Family and friends are remembering Laurence Philippsen.
The body of the 65-year-old hiker was found on the south side of Mount Laing, nearly two months after he set out alone for a 40-kilometre trek through the mountains at Strathcona Provincial Park.
An experienced and skilled hiker, Philippsen left on the solo expedition June 29th. After he failed to return when expected on July 2nd, search teams from across the province, along with Philippsen’s hiking companions and the RCMP went looking for him.
They were unsuccessful, and wondered for weeks what had happened to him.
His friend, Lindsay Elms, said a hiking acquaintance came across Philippsen’s body while on a day trip earlier this month.
Andy Watson from the BC Coroners Service has not confirmed the body of that of Laurence Philippson, but confirmed that they’re investigating a death from the Strathcona Park area near Mount Laing from earlier this month.
“Our fact-finding investigation to determine cause of death is in its early stages,” Watson said.
Elms said there were no trails where Philippsen’s body was found.
“This is a wilderness area, not a frequently visited area where he was going. The friend found him in the location, and then we superimposed on Google Earth our tracks from the search and we realized that during our search we were probably just metres away from where he was lying, and we couldn’t see him.”
Elms said the discovery of his friend brings closure to those who knew and loved him.
“It’s a relief. When there’s no sign, no nothing out there,… and Laurence was a very safe climber. I want to climb with people who are safe and skilled, and Laurence was that person. We’ve done a lot of climbs together. For him to go missing and not be found, it was hard to comprehend.”
He added that if Philippsen got to the alpine where there is good cellphone coverage, he would have likely texted home.
“When I heard that he was missing I knew straight away that he hadn’t reached the alpine. Something had happened on that first day, more than likely in the forest, before reaching the ridge, and usually the forest is relatively safe terrain. But obviously there was some sort of bluff in the way that he was scrambling up and something happened and he fell.”

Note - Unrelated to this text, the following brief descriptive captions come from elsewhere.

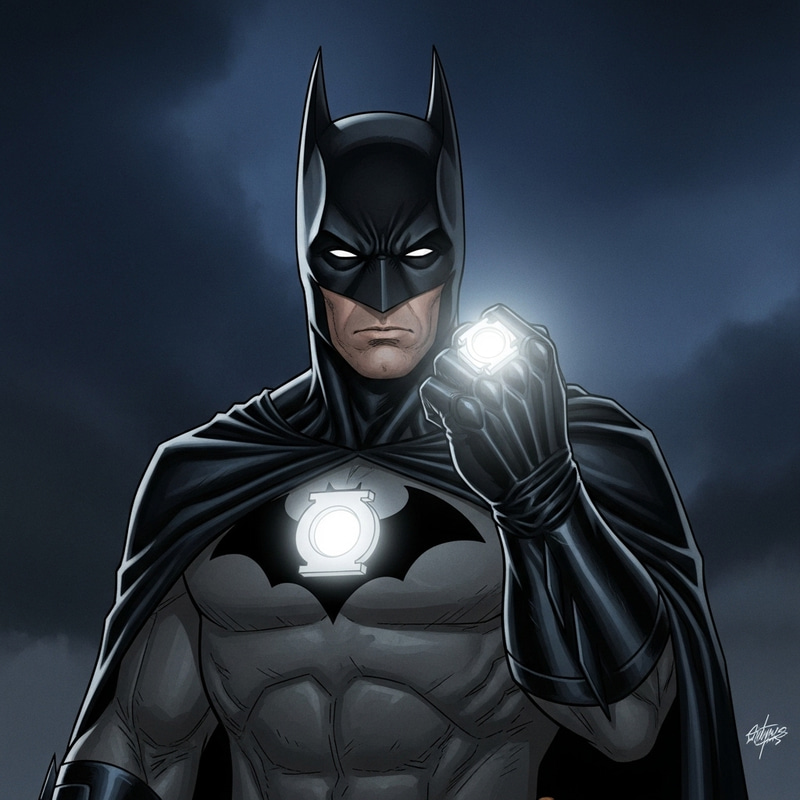 Enigmatic Batman with White Lantern Ring | Dark Knight Tale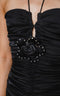 Mini length, shirred chest detail, shaping, evening dress.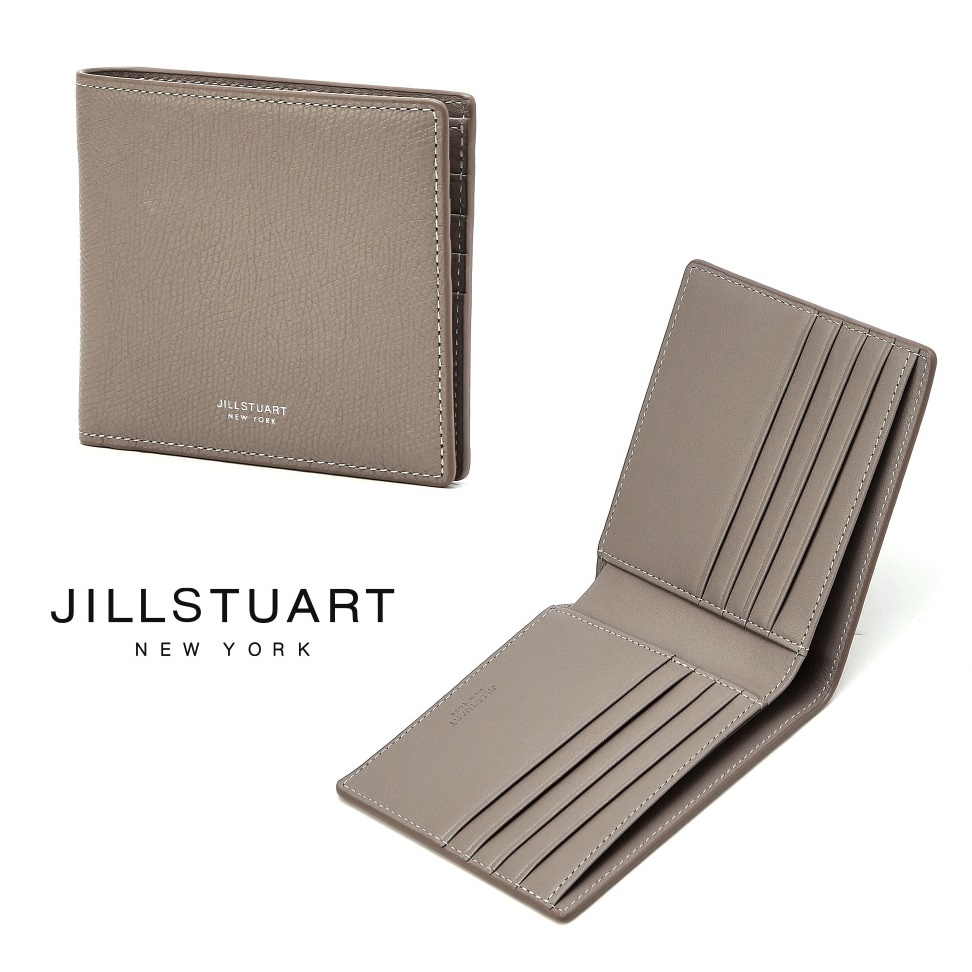 JILL STUART[23SS][VALEX]Taupe Gray Leather Embossed Stitch Point Bifold Wallet 新商品 コイン財布 カード財布 革財布 牛革 韓国ファッション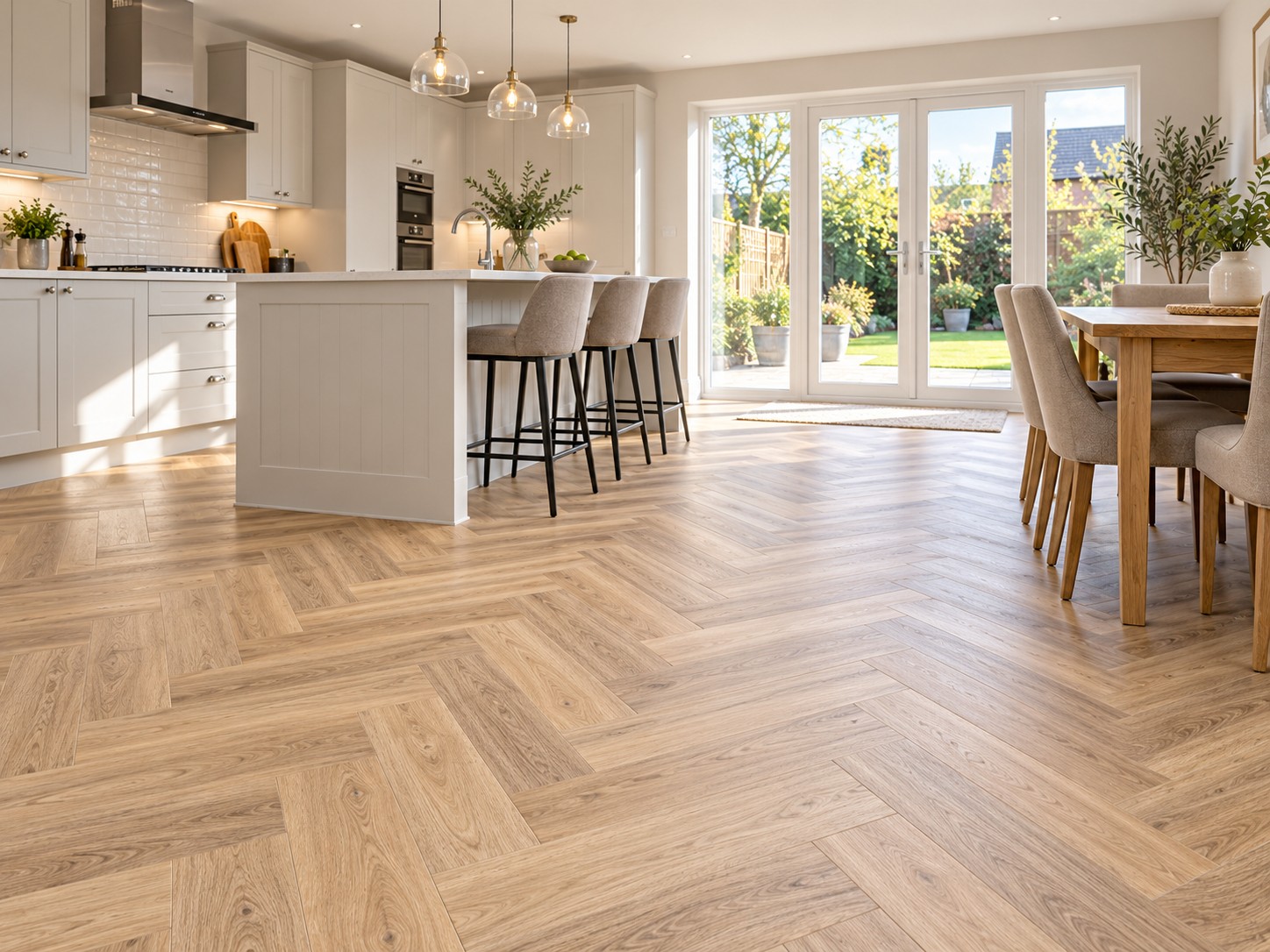 Kitchen-diner with herringbone LVT flooring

Elms remembers his friend as a very adventurous soul.
“I went out with him because he loved the adventure and was wanting to explore remote, obscure places on the island. We did a lot of climbs of peaks that there were no reports of anyone having been there before. He just loved being out there, loved being in the woods. He had the natural ability to find his way through the bush. He was just a great guy to be with in the mountains.”

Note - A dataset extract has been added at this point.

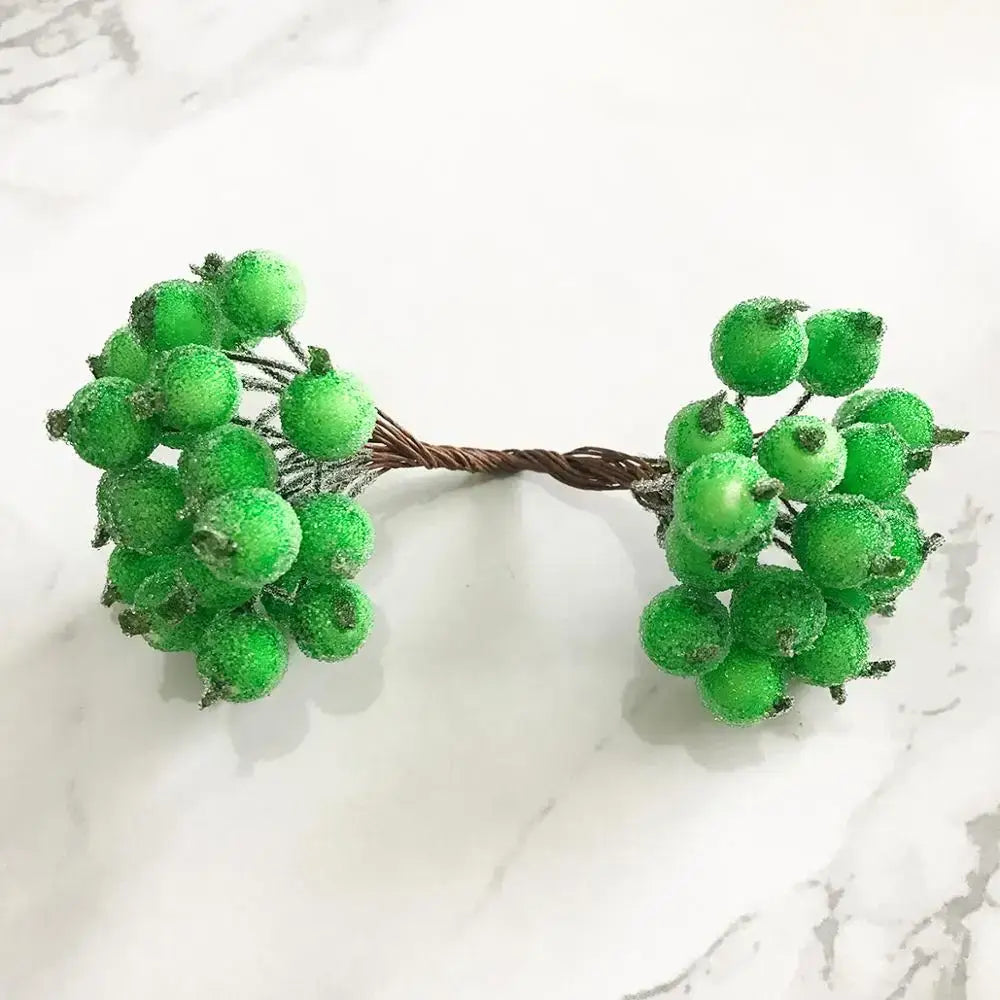 Vibrant green plant flower cherry berries bundle with frosted artificial clusters on twisted wire stems for decorbites decor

Elms climbed regularly with Philippsen over the past five years so when his friend went missing, he got a call from search and rescue to help look for him.
“I knew the terrain that he was in, intimately, from travelling through it many times myself and they’re asking me if I had any idea of places he might have gone, or might be,” Elms said. “The next day I went in with them and searched through some of those areas without any success.”
Four days into the initial search, there were “no clues, no signs of him, nothing,” Elms said.
“That’s when they called the (initial) search off.”
Elms said he and others came up with a couple of areas that hadn’t been searched, which helped reopen the investigation.
“In the meantime we started organizing our own private search,” Elms said. “I put a message out through the mountaineering Facebook pages and then there were 45 of us volunteers from the climbing community, we organized our own search.”
After a second search was called off, Elms said a lot of people were wanting to look for Philippsen on their own.
“I know of three groups that contacted me, that went in there, did their climbing objective, and never across Laurence.”